The common perception is that the PS4 and Xbox One’s PC-like architecture has simplified games development. Not so, according to Killzone: Shadow Fall’s lead designer Eric Boltjes.

It’s also a lot more demanding, because the production effort needed just to make a next-gen title now is not doubled – it’s quadrupled,” he told VG247. That’s because everything needs to look that much better. It takes a lot more people, and that takes a lot more communication.

So it does it make things a lot more easier from a technical standpoint, but from a professional standpoint it makes things a lot harder. The really scary part is, all the tools and all the stuff we developed previously had to go out of the window. We had to re-do everything.

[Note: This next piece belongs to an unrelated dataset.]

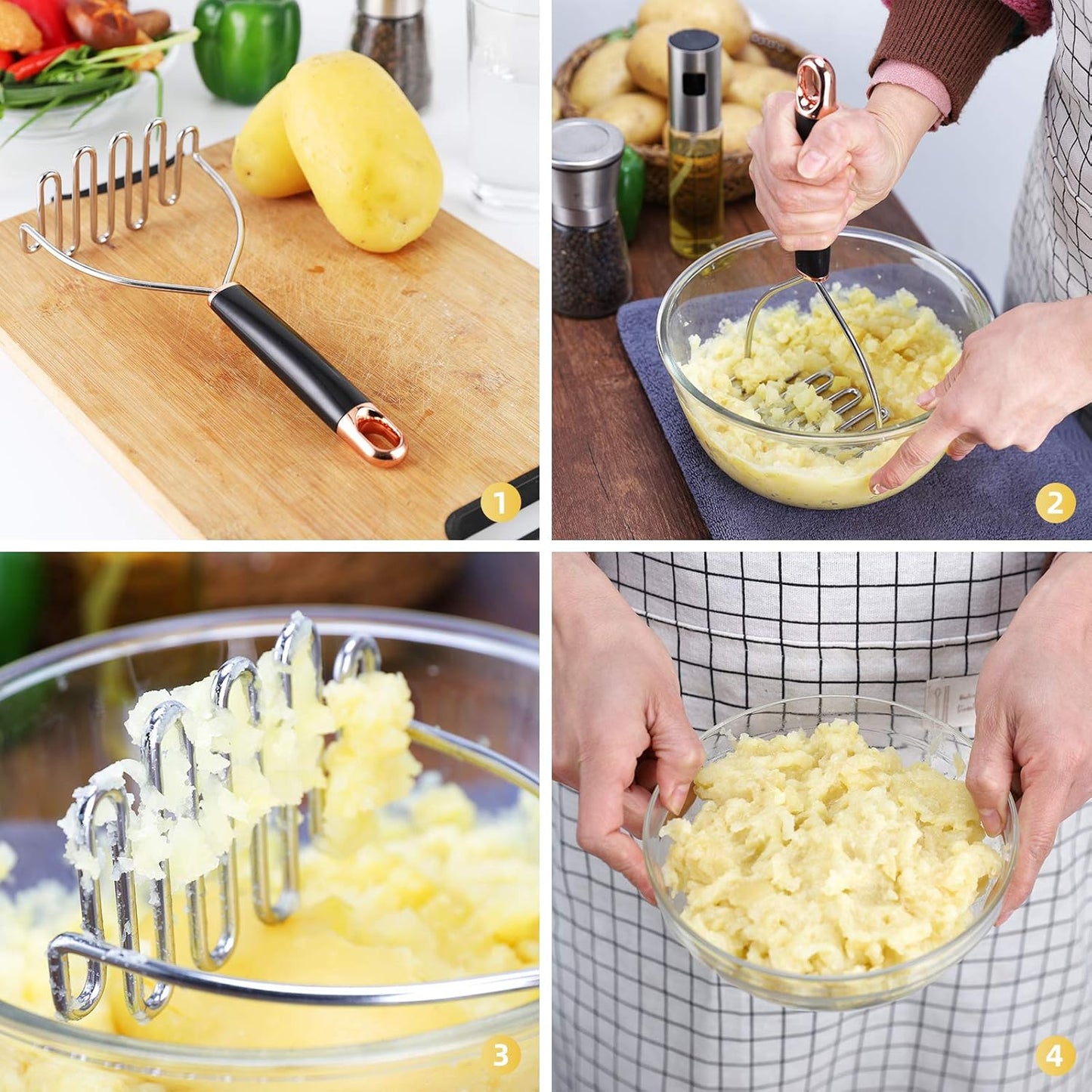Potato Masher, Potato Masher Stainless Steel, Heavy Duty Mashed Potatoes Masher, Professional Metal Wire Masher Kitchen Tool for Bean, avocado, Vegetable-10.24 inch （Rose Gold）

We had the engine that we were rebuilding to fit next-gen – you know, the new architecture all that sort of stuff – all the assets had to be re-done, weapons had to be re-done and the animation systems had to be rebuilt. It was a lot like leaving your save data for something new and scary.”

As a studio that has worked exclusively on PS3 for many years, it’s of course possible that Guerrilla’s experience is somewhat different to those who have been developing multiformat titles.